Una lección de música interrumpida, la carta de amor que una joven lee junto a la ventana, otra que tasa unas perlas con ayuda de una delicada balanza, un geógrafo, una encajera, un astrónomo que consulta el lbro de Adriaan Metius, Institutiones Astronomicae Geographicae, nueva ciencia, Johannes Holwarda, Christiaan Juygens. Laúdes, claves y globos terráqueos, violas da gamba y virginales, mapas, cortinas, cuadros con escenas de amor, pan en una cesta de mimbre, el adorno de una perla en el lóbulo, símbolo de castidad. Interiores blanquecinos o bien de suaves ocres, suelos ajedrezados, tapices, cristales emplomados, jarras, espejos, sillas veteadas con clavos dorados y largueros labrados.


Pintar es un modo de cruzar la luz, de atravesarla, algo parecido a lo que la música hace con el aire, pero los pinceles, es verdad, se asemejan a las palabras, lo dejan todo fijado.


¿Ha pensado cuántas luces distintas tenemos bajo el cielo? ¿Cuántas, incluso, en el interior de una casa? La que viene de frisia, la que llega de los campos de Etten-Leur, la que está bajo un alero y se disuelve en la sombra, la que entra por una ventana en un día de lluvia, tan distinta de la que se filtra cuando hace sol, la luz de un patio blanqueado con la ropa puesta a secar, la detenida en la fruta o la que envuelve el jarrón al que usted se refería nada tienen en común.


La lz es igual que el sonido: rebota, va de una pared a otra, ocupa los lugares, como la música en las iglesias, que sube a la bóveda, reverbera, olvida la nave y se dirige al coro. Con los haces luminosos sucede lo mismo, como le digo: de una lámpara viajan a un espejo, repican como una campana de cristal, chocan, se rehacen para tomar otro camino, se dirigen a lo lejos y dejan tras de sí una estela que cada vez pesa menos.

No basta con decidirse a iluminar un cuadro, debe entenderse la luz de cada objeto, el movimiento de la sombra que lo rodea. No es igual la reflejada en un libro que en la mano que lo sujeta, no es la misma en el vaso de agua que en la jarra de un vidrio más grueso. Me dedico a eso, a iluminar cada cosa, un rostro, unos ojos, un cuello de encaje, la espalda de una cítara, unos bolillos, un peinado.

Lo traslúcido es una enseñanza, lo es el polvillo del desván cuando movemos un mueble viejo y queda suspendido en la poca claridad que entra por la claraboya. Podemos tocar ese haz con las yemas de los dedos, desmigajarlo, como si viniera de un campo de espigas diminutas.

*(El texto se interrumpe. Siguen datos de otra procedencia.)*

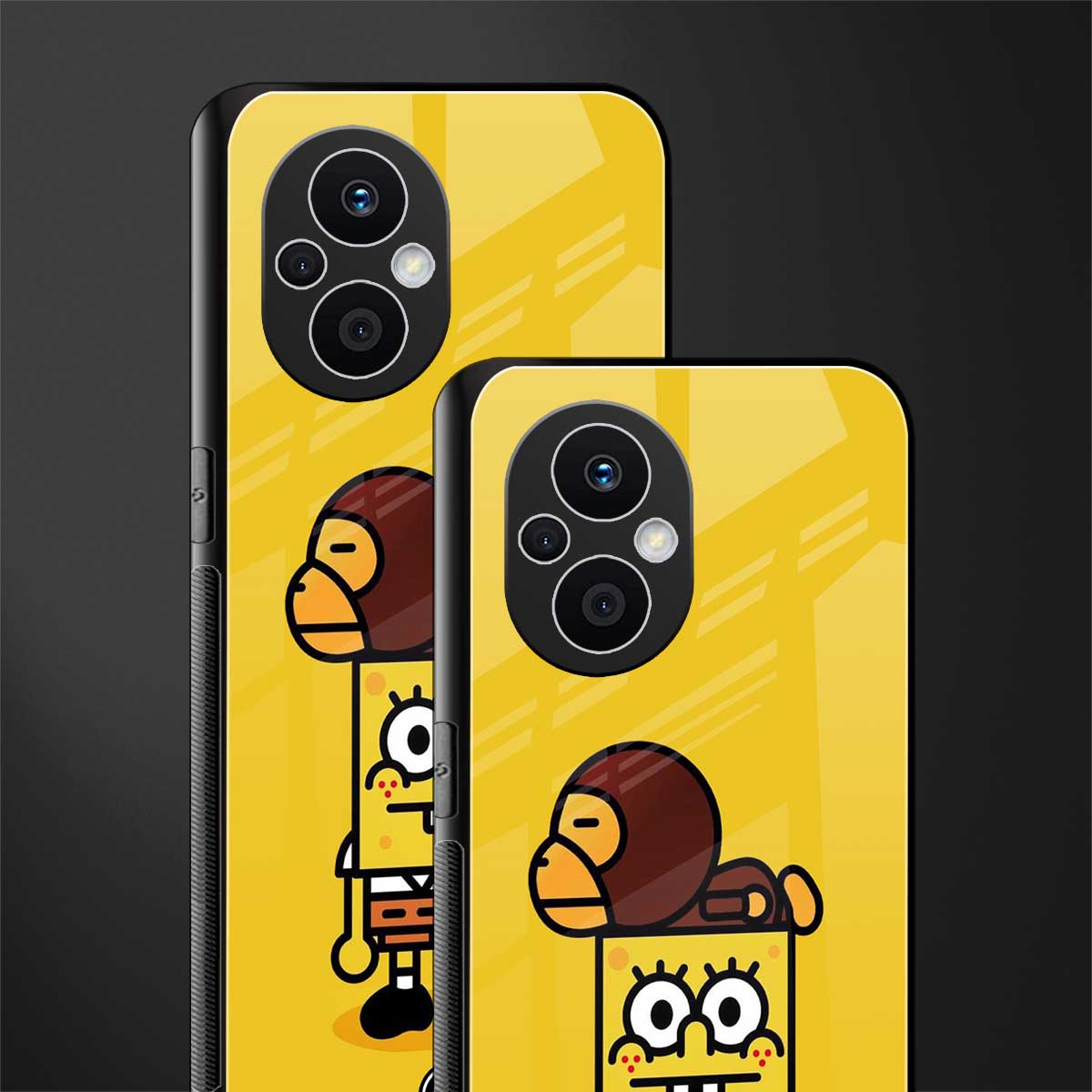 spongebob x bape back phone cover | glass case for oppo f21 pro 5g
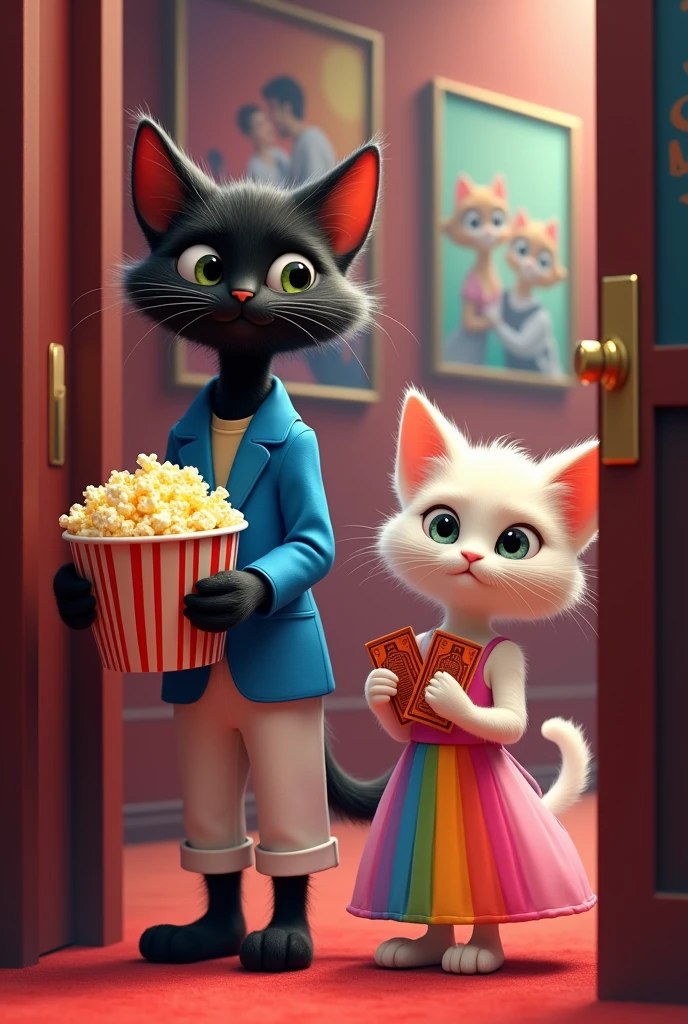 Image 6**: Both young cats are entering a movie theater. The tiny long height black cat wearing blue jacket and white pant is holding a large bucket of popcorn, and the rainbow-colored very short  white cat is wearing a pink grown holding two tickets. They are both excited, with the movie posters in the background hinting at a romantic film.
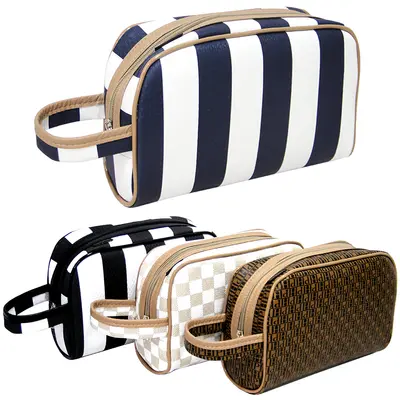 NECESSAIRE RETANGULAR UNISSEX ESTAMPAS SORTIDAS COM ALCA + ZIPER 23X15X8CM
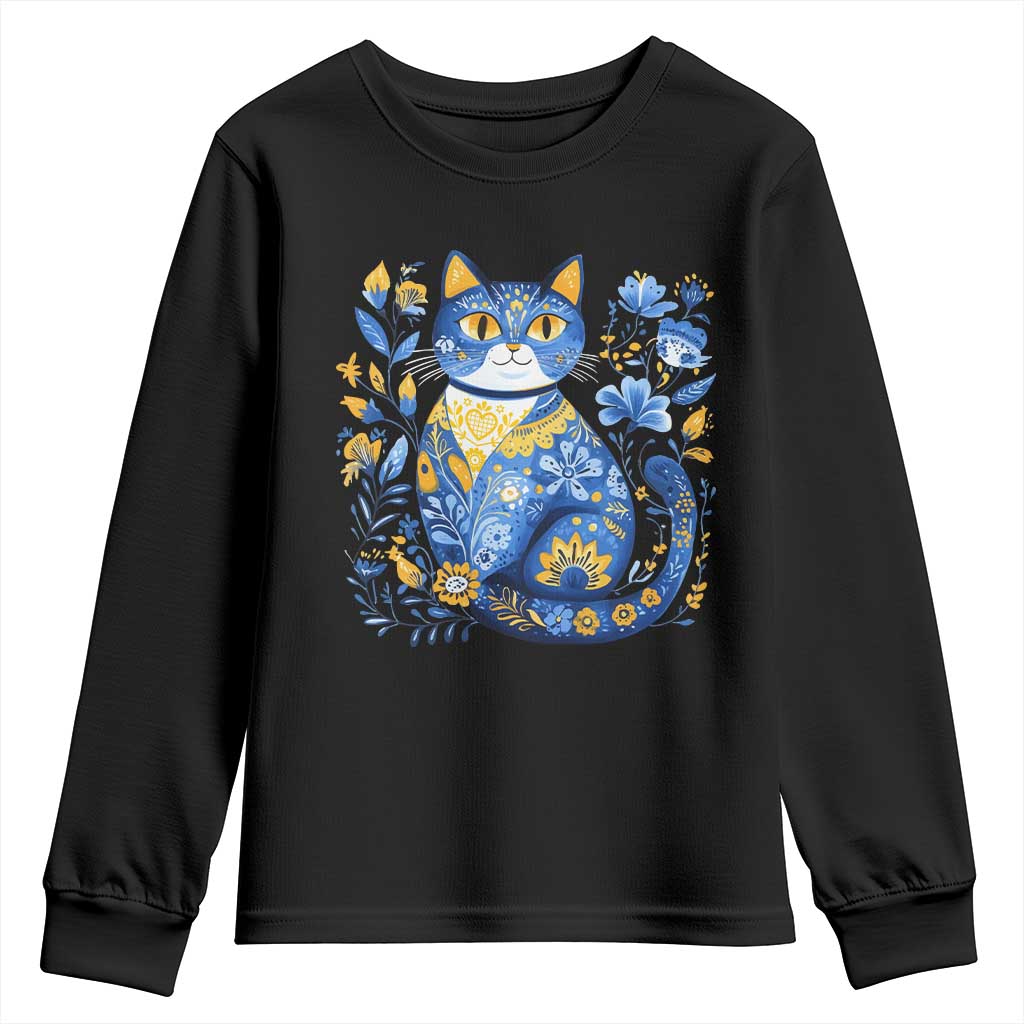 Ukraine Cat Floral Vintage Ukrainian Flag Youth Sweatshirt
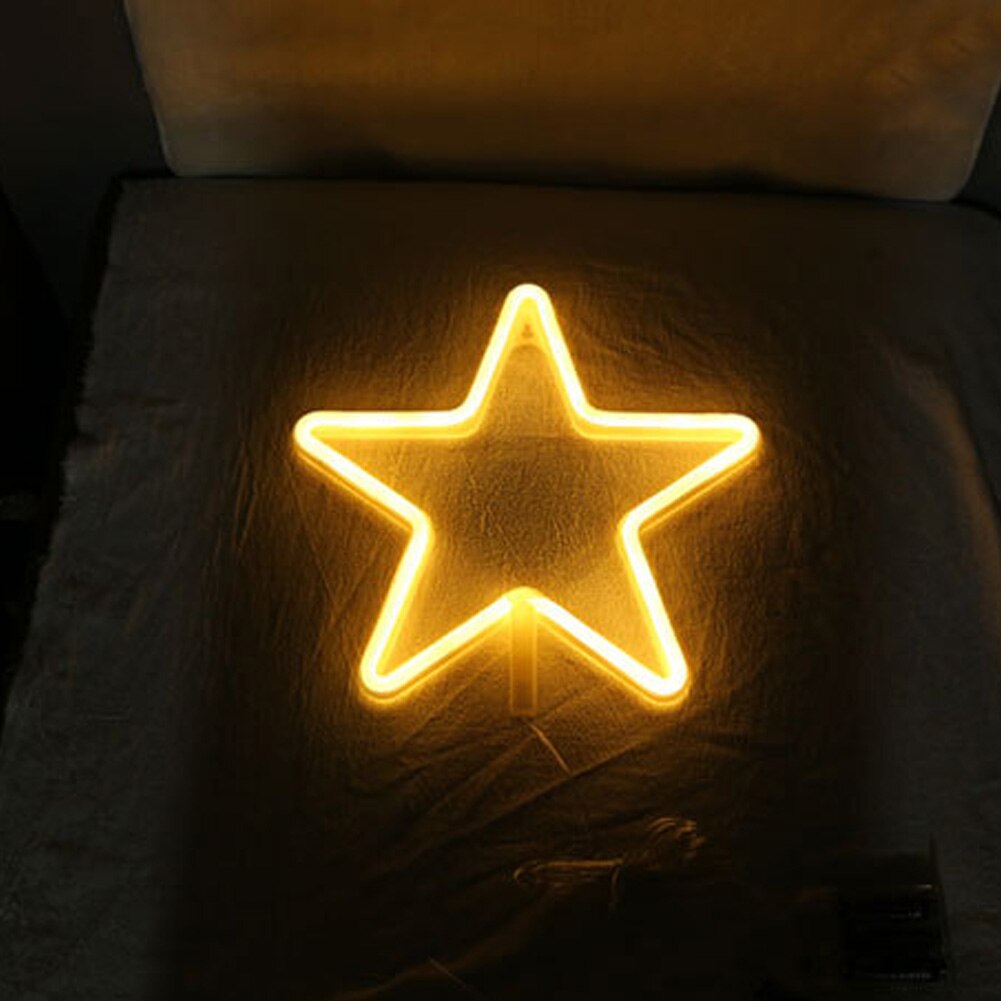 Led Star Shape Wall Hanging Neon Light Festival Christmas Indoor Party Decor Bedroom Desktop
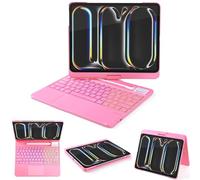 LENRICH Custodia per tastiera per iPad Pro 13 pollici M5 2025/M4 2024, 360 Rotabile Wireless Folio 180 Supporto Girevole Copertura Rigida Auto Sleep/Wake up Rosa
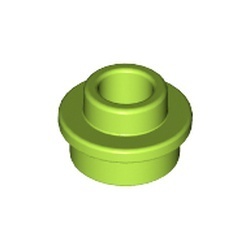 85861-34 Platte plaat 1x1 rond MET GAT IN MIDDEN lime NIEUW *1B235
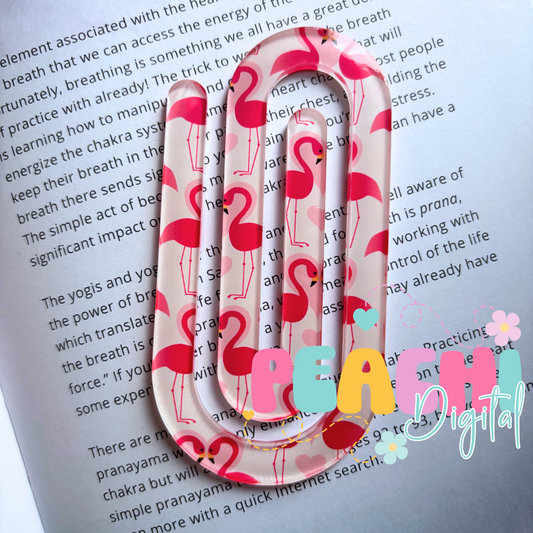 Flamingo 1 Jumbo Clip Bookmark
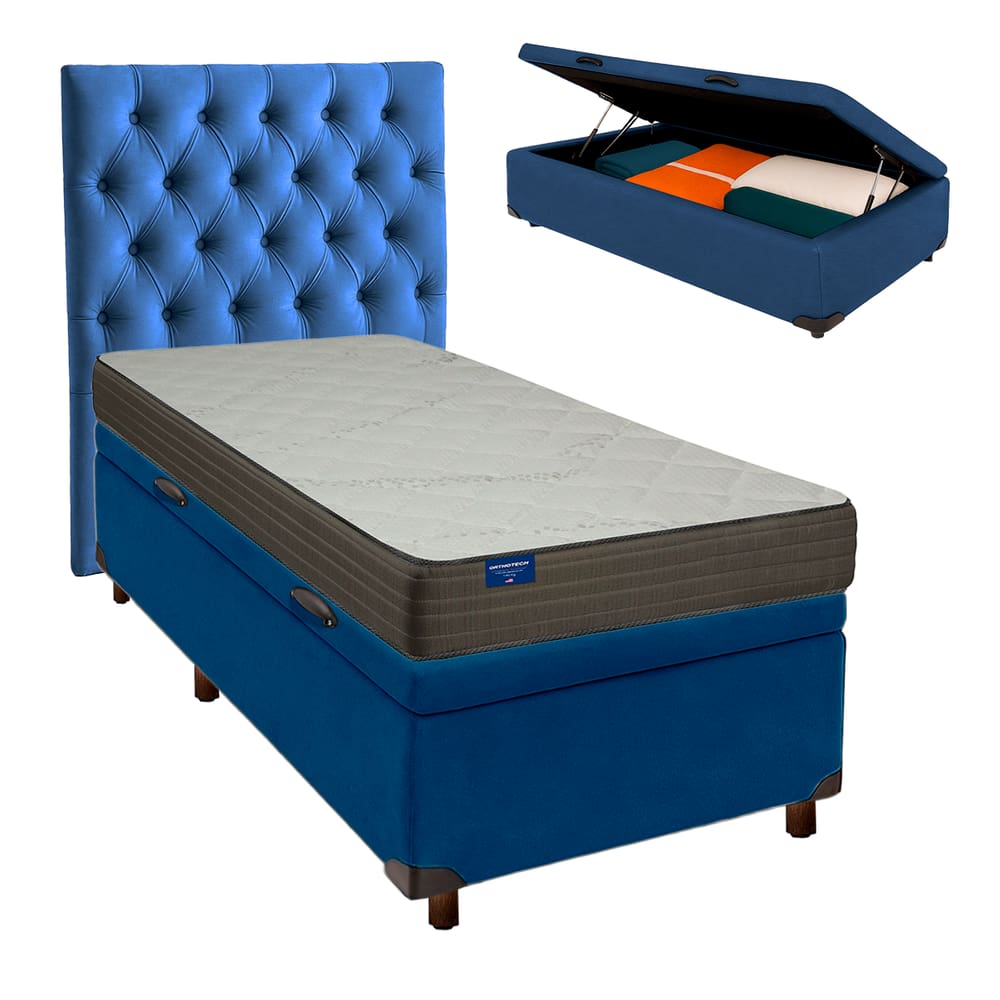 Cama + Bau Azul e Colchão D33 Solteiro - Orthotech Inducol + Cabeceira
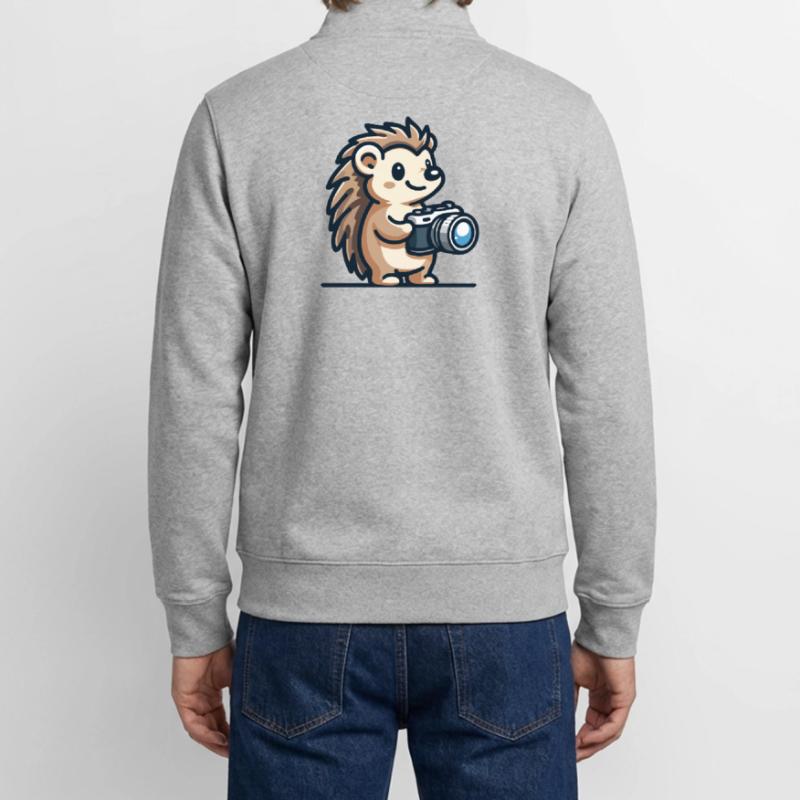 Schnappschuss-Igel: Der Shutterbug-Kumpel Unisex Organic Zip Sweatshirt von Stanley/Stella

Un día mientras caminaba con mi madre, vi un molino a mucha distancia, rayano en el horizonte. Me di cuenta entonces de que hasta llegar a él había que atravesar tantos grados de luz, tantas franjas, tantas capas, que de pronto pensé que era posible andar a través de la luz. 


Cada chimenea, cada torre, el cielo, que es el que decide los pigmentos, tienen su propia llama. La luz del agua aquietada y grisácea junto a una barca es diferente de la que fluye bajo el puente de piedra, ahí se vuelve más inquieta, no presiente lo profundo, brilla en sus sesgos, se riza. Los pañuelos de las mujeres son como aves que el sol, muy tibio, alumbra según la posición que ocupa. La proa de la nave de la derecha, incluso sus tracas, la aguja de la Nieuwe Kerk, que cambia según asciende, las dovelas de los arcos guardan su propia luminosidad.

Las nubes no tienen hermanas, no se parece demasiado, pese a que las consideremos iguales; unas flotan con su color de tormenta y otras van en ese vapor silencioso que no tienen intención de descargar; en los tejados hay luces entristecidas y otras que nacen, alegres; en los muros, en los umbrales, las sombras cuentan con el grosor del paso de las horas. Un poco de blanco en una puerta, apenas un pudoroso toque de pincel, abre un mundo y hace que la entrada en esa casa sea distinta.